Right now, we're using Windows' Multimedia Timers to fire an event every 5 ms. We do see some 100+ ms gaps, and we've confirmed by checking the GC counters that these always occur during a collection. Optimization is on; built in Release mode.

7
  • 1
    The .Net garbage collection should cause major problems. You're probably doing something wrong; can you give us more detail? Commented Mar 2, 2010 at 3:06
  • 2
    @SLaks: I believe you meant that it should not cause problems. ;) Commented Mar 2, 2010 at 3:12
  • @SLaks: "collection should cause"...do you mean "collection should NOT cause"? Commented Mar 2, 2010 at 3:12
  • 1
    I agree with SLaks. You need to start looking into optimization and not re-engineering in C++. Commented Mar 2, 2010 at 3:21
  • 4
    Those who say "garbage collection shouldn't be an issue" are generally coming from the perspective of 100ms not being an issue. The fact is that in certain cases where dependable minimal latency is required--such as in real-time trading (my job)--garbage collection is an issue because it introduces an element of unpredictability into execution times that may need to be exact. @Michael: Have you looked into resource pooling? It can be a very effective weapon against garbage collection. Commented Mar 2, 2010 at 18:05

7 Answers 7

6

I work as a .NET developer at a trading firm where, like you, we care about 100 ms delays. Garbage collection can indeed become a significant issue when dependable minimal latency is required.

That said, I don't think migrating to C++ is going to be a smart move, mainly due to how time consuming it would be. Garbage collection occurs after a certain amount of memory has been allocated on the heap over time. You can substantially mitigate this issue by minimizing the amount of heap allocation your code creates.

I'd recommend trying to spot methods in your application that are responsible for significant amounts of allocation. Anywhere objects are constructed is going to be a candidate for modification. A classic approach to fighting garbage collection is utilizing resource pools: instead of creating a new object every time a method is called, maintain a pool of already-constructed objects, borrowing from the pool on every method call and returning the object to the pool once the method has completed.
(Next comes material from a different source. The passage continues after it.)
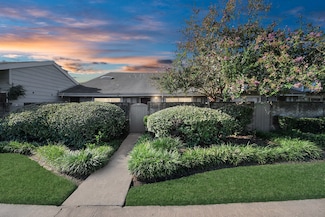 12934 Greenway Chase Ct Unit 2934, Houston, TX 77072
Another no-brainer involves hunting down any ArrayList, HashTable, or similar non-generic collections in your code that box/unbox value types, leading to totally unnecessary heap allocation. Replace these with List<T>, Dictionary<TKey, TValue>, and so on wherever possible (here I am specifically referring to collections of value types such as int, double, long, etc.). Likewise, look out for any methods you may be calling which box value type arguments (or return boxed value types).

These are just a couple of relatively small steps you can take to reducing your garbage collection count, but they can make a big difference. With enough effort it can even be possible to completely (or at least nearly) eliminate all generation 2 garbage collections during the continuous operations phase (everything except for startup and shutdown) of your application. And I think you'll find that generation 2 collections are the real heavy-hitters.
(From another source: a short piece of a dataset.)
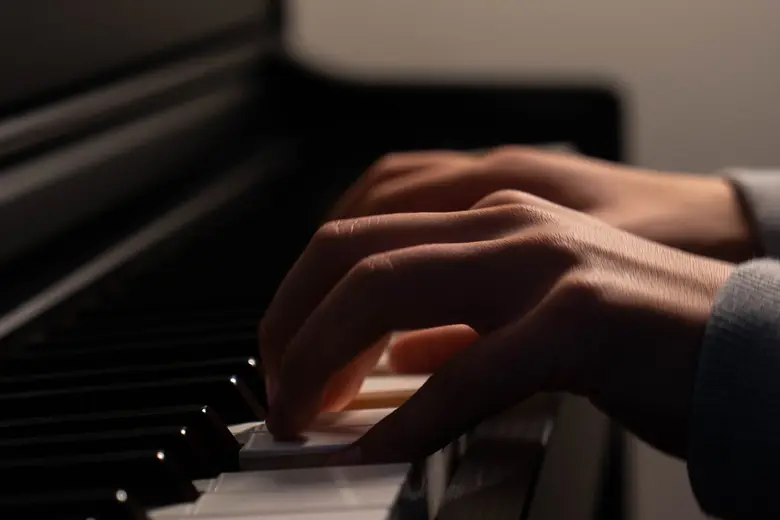 Persona tocando piano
Here's a paper outlining one company's efforts to minimize latency in a .NET application through resource pooling, in addition to a couple of other methods, with great success:

Rapid Addition leverages Microsoft .NET 3.5 Framework to build ultra-low latency FIX and FAST processing

So to reiterate: I would strongly recommend investigating ways to modify your code so as to cut down on garbage collection over converting to an entirely different language.
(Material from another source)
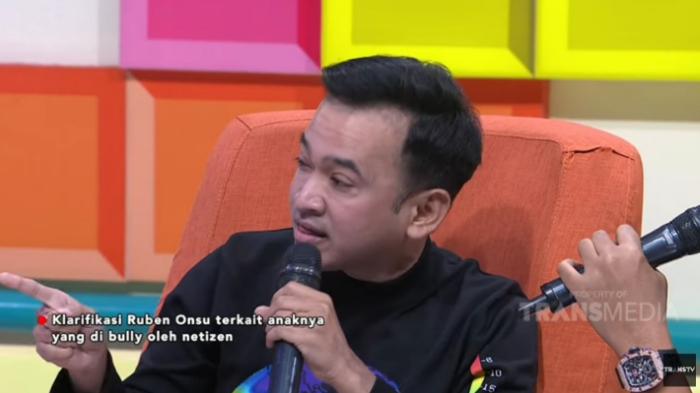 Sambil Tunjuk-tunjuk, Ruben Onsu Geram Betrand Peto Diancam Warganet: Gue Paling Depan Hajar Lu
Sign up to request clarification or add additional context in comments.

2 Comments

It sounds like resource pooling and profiling and possibly upgrading to .NET 4.0 for the Background GC is a good way to go instead of C++. Thanks for your help! The White Paper that you linked to is great. Do you know of anything that mentions more specifics (along the lines of the one function call they mention in the paper that does boxing and unboxing behind the scenes). That is, is there a list of best practices for things to do when trying to avoid GCs and resource pooling. Perhaps a complete list of functions not to call?
@Michael: I wish there were. Unfortunately Rapid Addition has not made their standard "do not call" list public, nor would I expect Microsoft to publicize such a list (especially since one would expect it to change over time as implementations of the listed methods become modified). Your best bet, as others have said, is to profile your code and find for yourself those places where unexpected levels of memory allocation may be occurring. In case you aren't already, I also strongly recommend using perfmon to monitor your GC count while debugging your app. It can be quite illuminating.
4

First, have you tried profiling things to see if you could optimize your memory usage? A good place to start is with the CLR profiler (works with all CLRs up to 3.5).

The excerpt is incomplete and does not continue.